The Ohazurikes attached a copy of the expert’s curriculum vitae (CV) as an exhibit to their designation of experts and added that “[a] copy of Dr. Glover’s report will be forwarded once it is received.” It was not until only five days before trial, on morning of the day that the expert was to be deposed that the report was received by opposing counsel. That report for the first time disclosed that the expert expected to project damages in excess of $15 million.
The defendants did file various motions with the court to try to get the expert testimony excluded, and they did object at trial based on the discovery violations, all to no avail. There was no other evidentiary basis in the record other than this particular expert’s testimony to support the $3 million-plus verdict, which the supreme court reversed.

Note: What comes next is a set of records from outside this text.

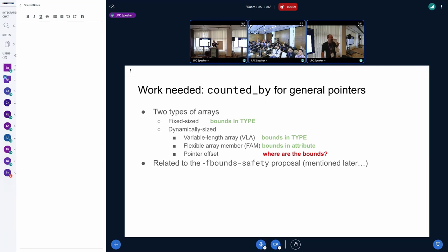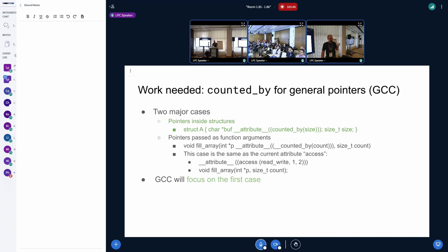`counted_by` was for flexible arrays, but we'd also like to apply it to pointers generally. For fixed-size arrays we're done; VLAs are banned in the kernel completely; flexible arrays can now be tracked with `counted_by`. We don't have anything for pointers yet. The next steps for `counted_by` are to be added to pointers — GCC and Clang are starting on this — and it's related to `-fbounds-safety`, which I'll talk about later.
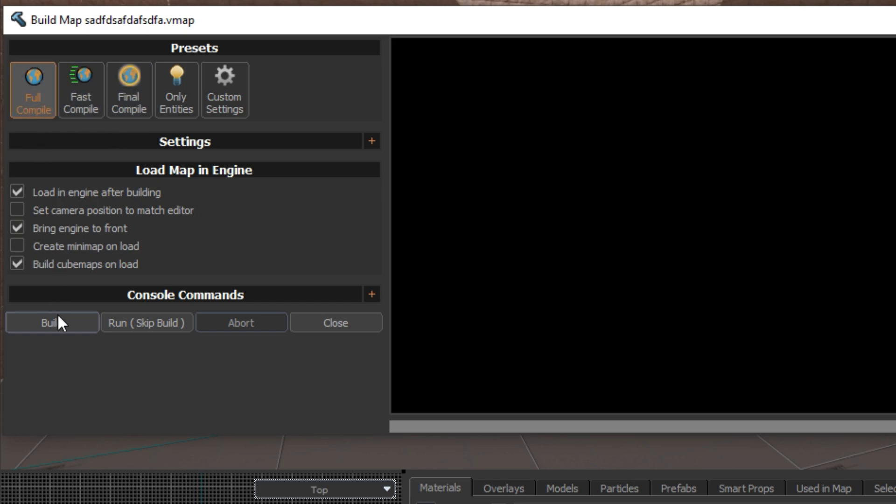I'd stick to full compile for visual changes. Once you build lighting once, unless your map changes significantly, it shouldn't take as long the second time.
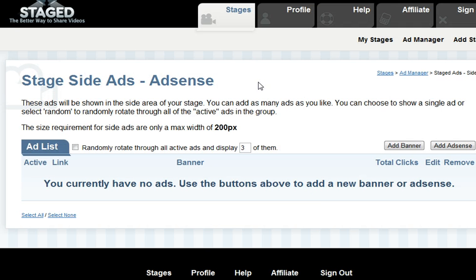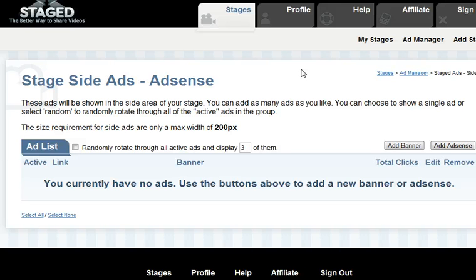Once you submit that, the ads will start populating within 24 hours of when the AdSense was created. The content on the actual AdSense is going to be associated to whatever content is on the stage. So if you're promoting something that's related to cars, the ads that appear on the AdSense will be associated and related to cars as well.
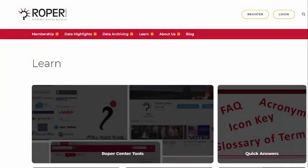To learn more about using iPoll, look under the Learn tab of our website. Thank you.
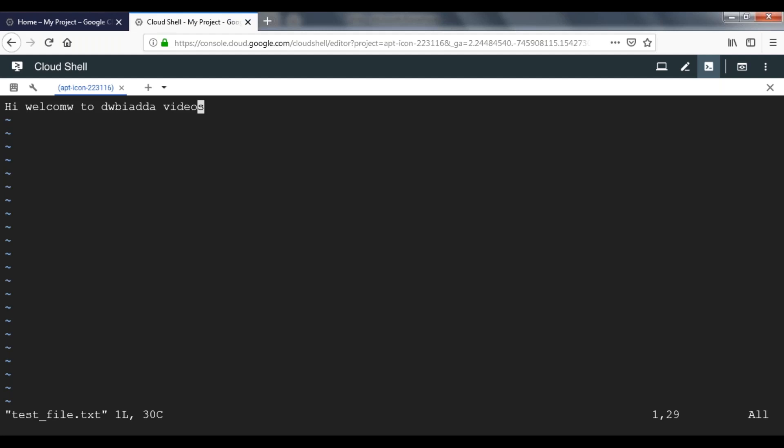In the editor mode, we are going to write our text. Now we have to change this editor mode into insert mode. To do that, press i from the keyboard. You can see here it will display insert mode. It will act like a notepad. Go to the end, press enter.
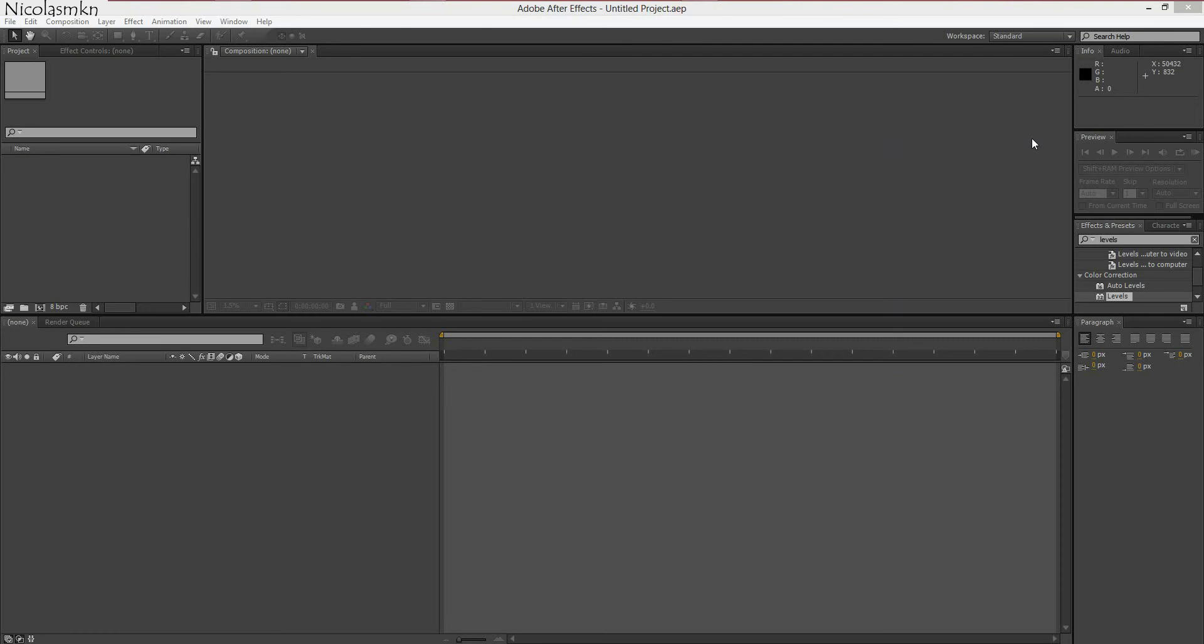Alright so this is Nicholas MKN and this is my first After Effects tutorial. I already made my Photoshop one and a Lightroom one and this is the one for After Effects.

Justice Randolph’s opinion explained:
¶14. We find that the trial court abused its discretion by allowing Glover to testify despite numerous discovery violations, including failure to timely disclose the substance of Glover’s expected testimony and to seasonably supplement discovery responses, and allowing the witness to give previously undisclosed testimony at trial. Mississippi Rule of Civil Procedure 26(b)(4) provides that “[a] party may through interrogatories require any other party to  identify each person whom the other party expects to call as an expert witness at trial,  to state the subject matter on which the expert is expected to testify, and  to state the substance of the facts and opinions to which the expert is expected to testify and  a summary of the grounds for each opinion.” Miss. R. Civ. Proc. 26(b)(4)(A)(i). Additionally, Rule 26(f) provides that “a party who has responded to a request for discovery with a response that was complete when made . . . is under a duty seasonably to supplement that party’s response with respect to any question addressed to . . . the subject matter on which [a person expected to be called as an expert witness] is expected to testify, and the substance of the testimony.” Miss. R. Civ. Proc. 26(f). We have provided that “[t]he failure seasonably to supplement or amend a response is a discovery violation that may warrant sanctions, including exclusion of evidence.” Hyundai Motor Am. v. Applewhite, 53 So. 3d 749 (Miss. 2011) (citation omitted)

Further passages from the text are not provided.